Cependant, le silence relatif de Lula a eu pour effet de maintenir l’attention des médias sur la gestion bâclée de la pandémie par Bolsonaro et rhétorique antidémocratique.

“Jusqu’à présent, il a été astucieusement silencieux – il semble avoir compris que le fait d’être à l’écart des projecteurs pourrait en fait aider sa popularité en ce moment”, a déclaré Eduardo de Carvalho, gestionnaire de portefeuille chez Pacifico Asset Management.

« Si Lula revient comme celui de 2003, ce serait une bonne nouvelle pour l’économie. À l’époque, il avait une bonne équipe économique et mettait en œuvre une politique économique très saine. Cependant, s’il arrive en proposant des politiques plus proches de son deuxième mandat et de la [successor Dilma] gouvernement Rousseff – les deux dans lesquels les dépenses publiques ont fortement augmenté – alors les investisseurs pourraient fuir les actifs brésiliens. »

Ses proches disent que le Lula que les Brésiliens rencontreraient lors d’un troisième mandat serait un négociateur, pas un idéologue.

“Nous travaillons de manière stratégique, construisons des alliances”, a déclaré Aloizio Mercadante, co-fondateur aux côtés de Lula du Parti des travailleurs de gauche. Il souligne la sensibilisation de Lula aux politiciens de centre-droit, y compris son ancien ennemi juré, l’ancien président Fernando Henrique Cardoso.

« Lula a eu la présidence la plus populaire de l’histoire récente du Brésil. Il a montré qu’il était capable de construire un gouvernement méritocratique et compétent.

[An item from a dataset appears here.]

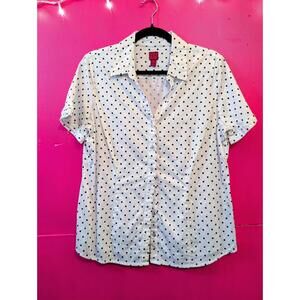 Polka Dot Cap Sleeve Blouse, Black and White, Button-Up, 212 Size Large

Hussein Kalout, qui a servi dans l’administration de droite de Michel Temer, a déclaré que les tentatives de Lula pour nouer des alliances l’emporteraient sur toute tendance à demander des représailles pour son emprisonnement.

« Peut-être que le Parti des travailleurs deviendra plus radical et voudra venger ce qui s’est passé, mais je ne vois pas Lula y aller parce que cela ne correspond pas à sa personnalité et cela ne correspond pas à sa politique. Il sait qu’il ne pourrait pas gouverner uniquement en restant à gauche », a-t-il déclaré.

Le succès de Bolsonaro aux élections de 2018 a été largement attribué au mécontentement des électeurs face à la corruption généralisée pendant les présidences de Lula et Rousseff entre 2003 et 2016.

De nombreux électeurs disent aujourd’hui qu’ils ne voteraient toujours pas pour Lula à cause de cela. Lula n’a pas aidé en ridiculisant l’enquête sur la corruption de Car Wash comme une chasse aux sorcières politique, malgré le fait que l’enquête ait récupéré des milliards de dollars d’argent public volé. Il s’agissait de la plus grande enquête de corruption de l’histoire de l’Amérique latine, avec des dizaines de politiciens et d’hommes d’affaires arrêtés à travers le continent.

Kalout souligne cependant que si le Parti des Travailleurs était clairement impliqué dans la corruption aux côtés de nombreux autres partis, les administrations de Lula et Rousseff ont beaucoup fait pour renforcer les institutions et les règles qui ont permis la tenue de l’enquête Car Wash. En particulier, il dit que l’indépendance des procureurs a été renforcée.